| What is needed |
Produce a faithful copy of the data, one that leaves out the pictures.

| Stored data |
---
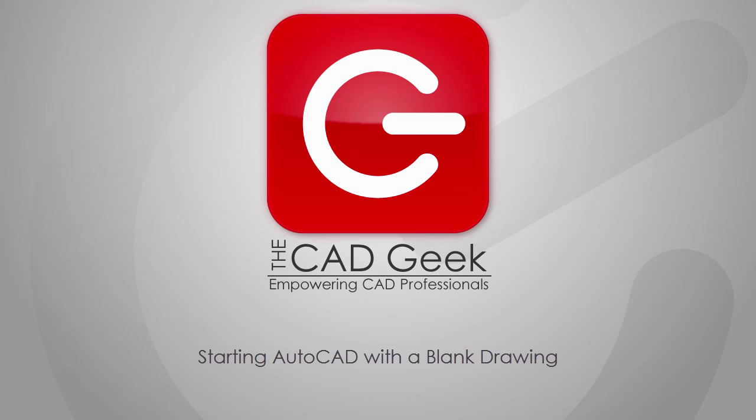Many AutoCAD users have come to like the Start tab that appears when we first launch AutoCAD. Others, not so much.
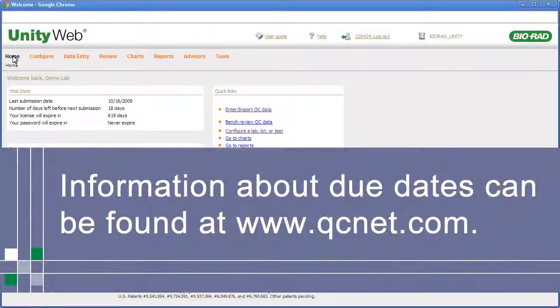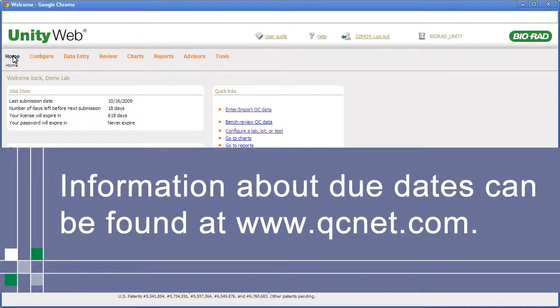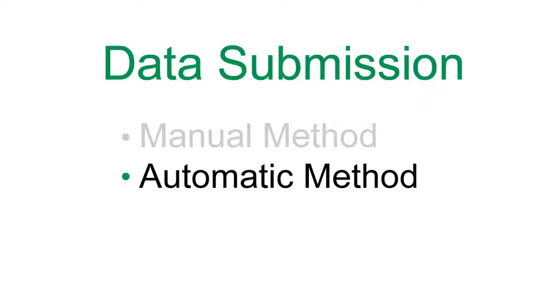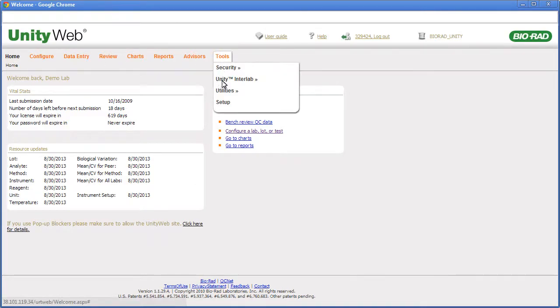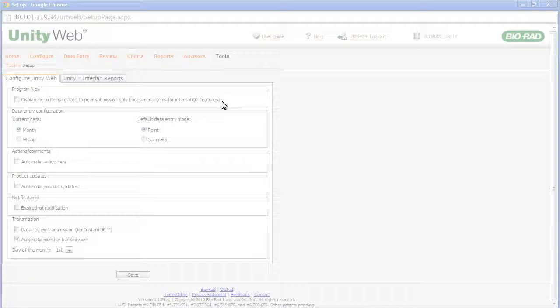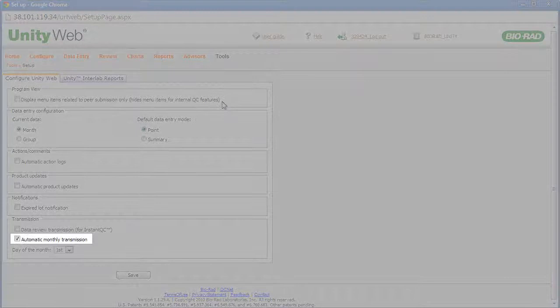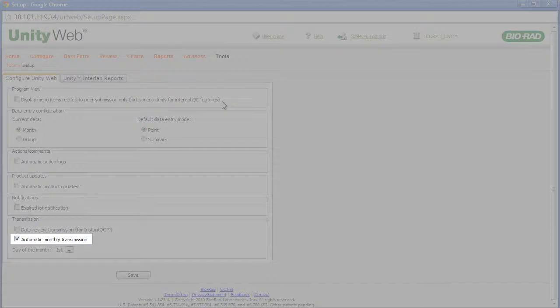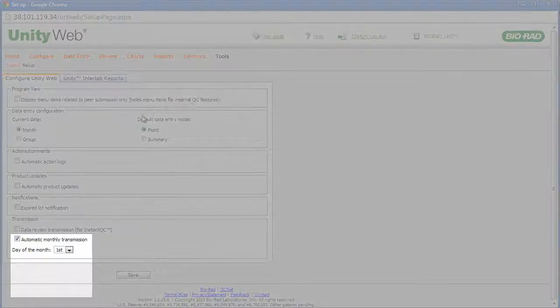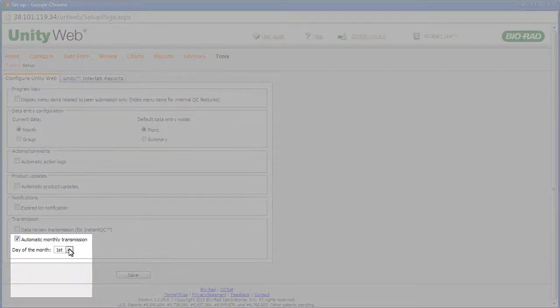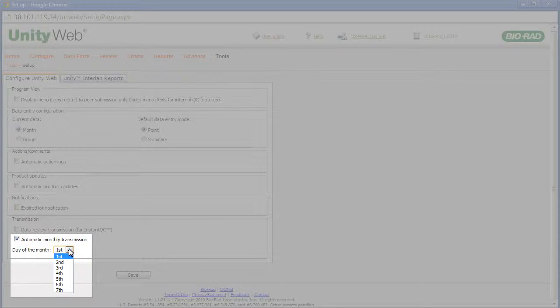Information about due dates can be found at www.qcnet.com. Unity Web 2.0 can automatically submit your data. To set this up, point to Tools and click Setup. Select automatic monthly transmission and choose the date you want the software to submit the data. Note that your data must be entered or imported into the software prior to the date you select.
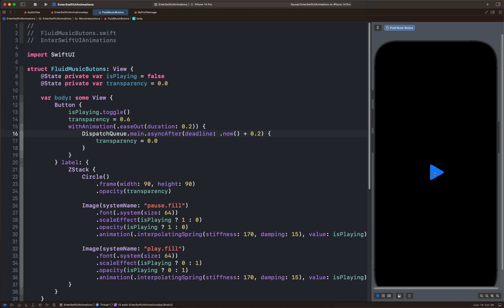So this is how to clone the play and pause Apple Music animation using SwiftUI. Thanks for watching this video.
---
| Result for this task |
Many AutoCAD users have come to like the Start tab that appears when we first launch AutoCAD. Others, not so much.
Information about due dates can be found at www.qcnet.com. Unity Web 2.0 can automatically submit your data. To set this up, point to Tools and click Setup. Select automatic monthly transmission and choose the date you want the software to submit the data. Note that your data must be entered or imported into the software prior to the date you select.
So this is how to clone the play and pause Apple Music animation using SwiftUI. Thanks for watching this video.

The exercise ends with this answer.